| MadSci Network: Botany |
Aloha, Kate,
The answer to your question about the filmy stuff on your teeth from
cooked spinach is probably related more to oxalates than to iron. Spinach
is very high in oxalate crystals (mineral salts of oxalic acid). In fact,
people who have problems with kidney functioning should not be eating a lot
of oxalate-containing foods like spinach, because of the increased risk of
producing oxalate stones in the kidneys. Other foods that are high in
oxalates are rhubarb, beet, chocolate, tea, bran, strawberries, and taro
(which is a mainstay of the traditional Hawaiian diet, as the vegetable,
as poi, and as laulau/leaf).
Anyway, back to your questions and comments. What may be happening is
that in fresh spinach, because you chew it for only a short time, not much
oxalate is released...so little or no sticky film in your mouth. When
spinach is cooked, especially canned spinach (heat processed), some of the
spinach cell wall structure is damaged and oxalate crystals leak out.
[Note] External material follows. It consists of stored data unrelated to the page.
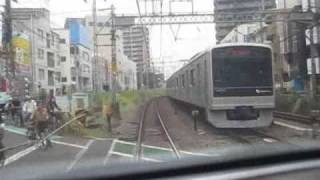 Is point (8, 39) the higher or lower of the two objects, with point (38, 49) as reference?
lower

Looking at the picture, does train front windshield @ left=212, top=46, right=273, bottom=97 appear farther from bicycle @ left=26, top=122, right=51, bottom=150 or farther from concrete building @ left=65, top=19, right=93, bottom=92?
concrete building @ left=65, top=19, right=93, bottom=92

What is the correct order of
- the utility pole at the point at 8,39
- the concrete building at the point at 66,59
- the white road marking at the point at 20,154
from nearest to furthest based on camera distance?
the white road marking at the point at 20,154 < the utility pole at the point at 8,39 < the concrete building at the point at 66,59

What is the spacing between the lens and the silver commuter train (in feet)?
61.4

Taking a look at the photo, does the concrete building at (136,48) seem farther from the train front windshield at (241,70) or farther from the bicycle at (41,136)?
the bicycle at (41,136)

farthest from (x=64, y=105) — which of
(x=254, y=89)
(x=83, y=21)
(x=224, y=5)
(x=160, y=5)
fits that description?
(x=83, y=21)

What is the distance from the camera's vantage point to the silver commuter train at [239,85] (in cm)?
1870

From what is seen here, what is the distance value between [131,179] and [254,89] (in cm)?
1652

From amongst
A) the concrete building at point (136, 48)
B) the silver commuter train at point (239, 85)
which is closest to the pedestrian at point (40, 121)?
the silver commuter train at point (239, 85)

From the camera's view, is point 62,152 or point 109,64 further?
point 109,64

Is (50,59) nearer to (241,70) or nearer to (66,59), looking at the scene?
(66,59)

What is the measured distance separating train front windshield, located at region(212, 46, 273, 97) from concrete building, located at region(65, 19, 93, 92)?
5555cm

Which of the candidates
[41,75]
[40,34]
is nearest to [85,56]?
[41,75]

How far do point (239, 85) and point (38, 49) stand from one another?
50.9 meters

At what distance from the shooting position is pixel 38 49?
67.3 meters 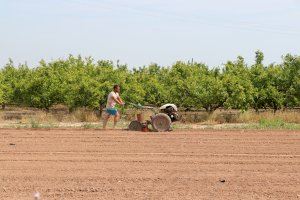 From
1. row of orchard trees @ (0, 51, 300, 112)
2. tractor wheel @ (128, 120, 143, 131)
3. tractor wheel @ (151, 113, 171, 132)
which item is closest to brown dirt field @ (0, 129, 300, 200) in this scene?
tractor wheel @ (151, 113, 171, 132)

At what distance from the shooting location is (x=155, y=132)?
1892cm

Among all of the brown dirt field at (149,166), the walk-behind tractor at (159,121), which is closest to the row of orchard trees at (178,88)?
the walk-behind tractor at (159,121)

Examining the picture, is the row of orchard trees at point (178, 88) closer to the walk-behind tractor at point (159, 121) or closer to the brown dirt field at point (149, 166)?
the walk-behind tractor at point (159, 121)

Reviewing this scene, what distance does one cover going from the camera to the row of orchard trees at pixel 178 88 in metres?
32.0

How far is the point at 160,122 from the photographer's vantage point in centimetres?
1906

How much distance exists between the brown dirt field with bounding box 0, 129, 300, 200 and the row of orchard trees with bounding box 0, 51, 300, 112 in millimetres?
14503

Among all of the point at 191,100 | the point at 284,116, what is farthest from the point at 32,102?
the point at 284,116

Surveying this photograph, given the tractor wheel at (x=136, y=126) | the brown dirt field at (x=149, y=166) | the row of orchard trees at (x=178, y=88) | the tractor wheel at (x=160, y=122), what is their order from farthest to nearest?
the row of orchard trees at (x=178, y=88) < the tractor wheel at (x=136, y=126) < the tractor wheel at (x=160, y=122) < the brown dirt field at (x=149, y=166)

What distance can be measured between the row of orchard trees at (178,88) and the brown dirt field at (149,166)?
1450 centimetres

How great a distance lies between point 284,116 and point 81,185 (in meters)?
19.6

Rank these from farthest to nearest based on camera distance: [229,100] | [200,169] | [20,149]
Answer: [229,100]
[20,149]
[200,169]

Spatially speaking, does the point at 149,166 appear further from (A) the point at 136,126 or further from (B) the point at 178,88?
(B) the point at 178,88

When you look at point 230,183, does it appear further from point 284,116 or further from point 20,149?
point 284,116

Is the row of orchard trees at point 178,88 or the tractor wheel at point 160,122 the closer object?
the tractor wheel at point 160,122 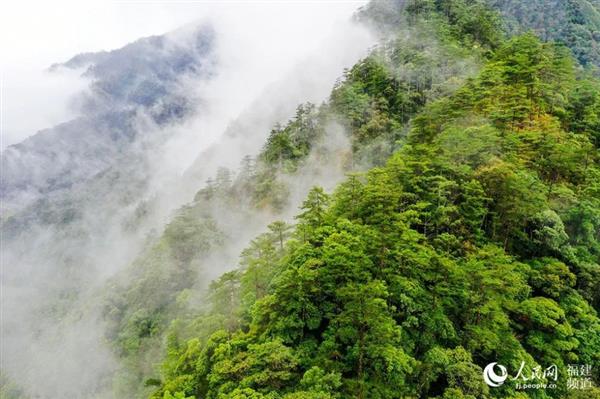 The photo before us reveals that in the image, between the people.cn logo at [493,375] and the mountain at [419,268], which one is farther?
the mountain at [419,268]

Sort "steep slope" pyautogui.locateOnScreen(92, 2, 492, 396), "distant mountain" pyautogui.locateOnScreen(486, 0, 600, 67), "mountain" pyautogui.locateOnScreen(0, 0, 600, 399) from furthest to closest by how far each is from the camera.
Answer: "distant mountain" pyautogui.locateOnScreen(486, 0, 600, 67), "steep slope" pyautogui.locateOnScreen(92, 2, 492, 396), "mountain" pyautogui.locateOnScreen(0, 0, 600, 399)

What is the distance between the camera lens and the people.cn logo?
17875mm

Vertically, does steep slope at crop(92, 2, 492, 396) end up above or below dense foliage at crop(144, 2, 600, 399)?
below

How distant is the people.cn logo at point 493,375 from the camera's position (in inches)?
704

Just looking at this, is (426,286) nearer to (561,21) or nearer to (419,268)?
(419,268)

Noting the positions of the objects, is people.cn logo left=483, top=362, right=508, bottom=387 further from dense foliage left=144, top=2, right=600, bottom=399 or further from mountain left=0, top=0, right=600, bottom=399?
dense foliage left=144, top=2, right=600, bottom=399

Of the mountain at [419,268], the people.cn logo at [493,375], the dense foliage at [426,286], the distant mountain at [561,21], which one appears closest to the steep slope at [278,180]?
the mountain at [419,268]

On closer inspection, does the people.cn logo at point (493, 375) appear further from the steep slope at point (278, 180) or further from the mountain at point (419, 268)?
the steep slope at point (278, 180)

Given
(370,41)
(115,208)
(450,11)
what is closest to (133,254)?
(115,208)

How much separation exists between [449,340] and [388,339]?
13.1 ft

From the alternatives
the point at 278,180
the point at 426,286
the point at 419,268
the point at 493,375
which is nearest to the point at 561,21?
the point at 278,180

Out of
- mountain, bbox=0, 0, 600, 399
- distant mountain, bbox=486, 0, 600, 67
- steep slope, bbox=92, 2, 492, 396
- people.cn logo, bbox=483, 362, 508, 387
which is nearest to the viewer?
people.cn logo, bbox=483, 362, 508, 387

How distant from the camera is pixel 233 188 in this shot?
217 ft

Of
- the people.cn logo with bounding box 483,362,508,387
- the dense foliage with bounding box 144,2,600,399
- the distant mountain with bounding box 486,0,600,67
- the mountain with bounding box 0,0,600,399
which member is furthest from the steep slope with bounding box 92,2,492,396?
the distant mountain with bounding box 486,0,600,67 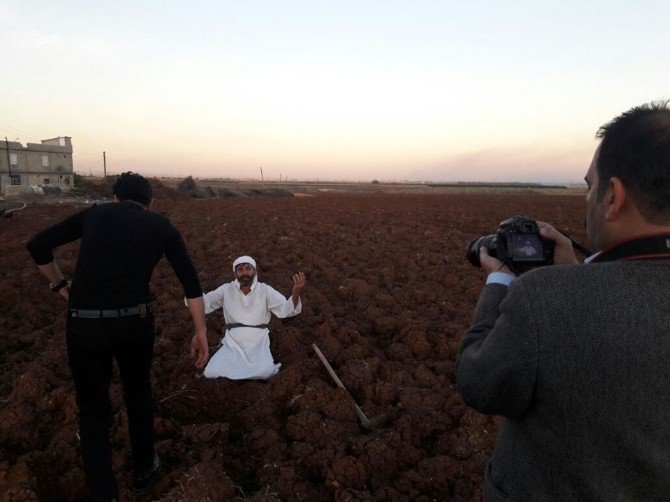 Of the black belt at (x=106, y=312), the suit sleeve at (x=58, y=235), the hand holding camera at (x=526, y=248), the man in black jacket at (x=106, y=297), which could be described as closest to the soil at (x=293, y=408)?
the man in black jacket at (x=106, y=297)

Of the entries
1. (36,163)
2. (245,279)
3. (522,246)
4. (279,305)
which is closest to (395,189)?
(36,163)

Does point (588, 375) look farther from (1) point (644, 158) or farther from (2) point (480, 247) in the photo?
(2) point (480, 247)

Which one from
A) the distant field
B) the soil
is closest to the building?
the distant field

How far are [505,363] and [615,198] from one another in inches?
Answer: 17.4

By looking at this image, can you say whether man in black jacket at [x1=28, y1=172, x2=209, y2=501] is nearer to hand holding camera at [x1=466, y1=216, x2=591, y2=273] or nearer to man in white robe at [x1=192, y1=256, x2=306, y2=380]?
man in white robe at [x1=192, y1=256, x2=306, y2=380]

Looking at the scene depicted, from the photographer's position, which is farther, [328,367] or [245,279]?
[245,279]

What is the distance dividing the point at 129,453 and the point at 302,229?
35.5 ft

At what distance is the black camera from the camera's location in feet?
4.53

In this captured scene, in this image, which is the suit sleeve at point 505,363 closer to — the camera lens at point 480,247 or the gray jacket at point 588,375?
the gray jacket at point 588,375

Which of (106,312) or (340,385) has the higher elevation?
(106,312)

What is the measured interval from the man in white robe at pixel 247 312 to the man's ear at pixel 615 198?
11.4 feet

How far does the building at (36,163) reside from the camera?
36844 millimetres

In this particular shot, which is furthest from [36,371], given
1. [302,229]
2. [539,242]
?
[302,229]

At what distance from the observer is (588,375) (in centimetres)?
96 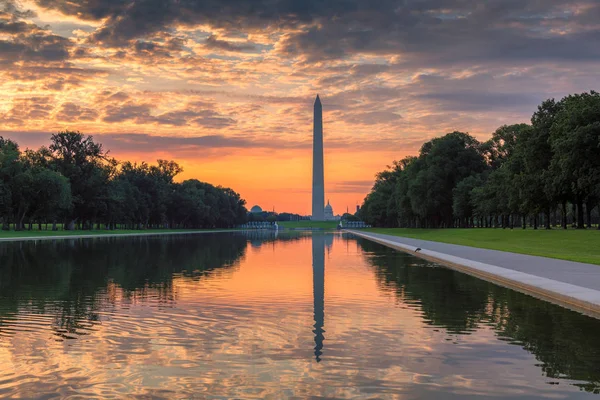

It
is the oxalate that gives your teeth and mouth that 'coated' feeling.
An experiment: Next time you have some raw spinach in a salad, chew
it for a very long time to see if you get the same sensation that you
report with the cooked spinach. My guess is that you will.
One last comment about iron in spinach and other leafy-green
vegetables: A number of vegetables contain a fair amount of iron (check a
food composition table in any introductory nutrition textbook). However,
the iron is bound up with the oxalates and other similar chemicals in the
structure of the plant. We nutritionists say that the iron in plants is
not highly 'bioavailable' to the human body. It goes into the digestive
tract OK, but the body can't absorb much of the iron into the blood stream,
across the lining of the digestive tract, because the iron is tightly
complexed to these plant substances. Iron in animal products, especially
in flesh products (meat, chicken, fish) is more bioavailable to the human
body. Also, the iron found in vitamin/mineral tablets is probably more
bioavailable than the iron found in plants.
Thanks for asking such an interesting question.